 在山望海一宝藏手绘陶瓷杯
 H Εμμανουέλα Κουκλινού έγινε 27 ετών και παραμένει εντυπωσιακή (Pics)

---

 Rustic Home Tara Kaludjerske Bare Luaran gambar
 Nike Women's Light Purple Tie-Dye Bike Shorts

Work to complete >>
There is a run of lines above from the one with "在山望海一宝藏手绘陶瓷杯" to the one with "H Εμμανουέλα Κουκλινού"; print exactly that run, both ends included, and nothing else.

Final answer >>
 在山望海一宝藏手绘陶瓷杯
 H Εμμανουέλα Κουκλινού έγινε 27 ετών και παραμένει εντυπωσιακή (Pics)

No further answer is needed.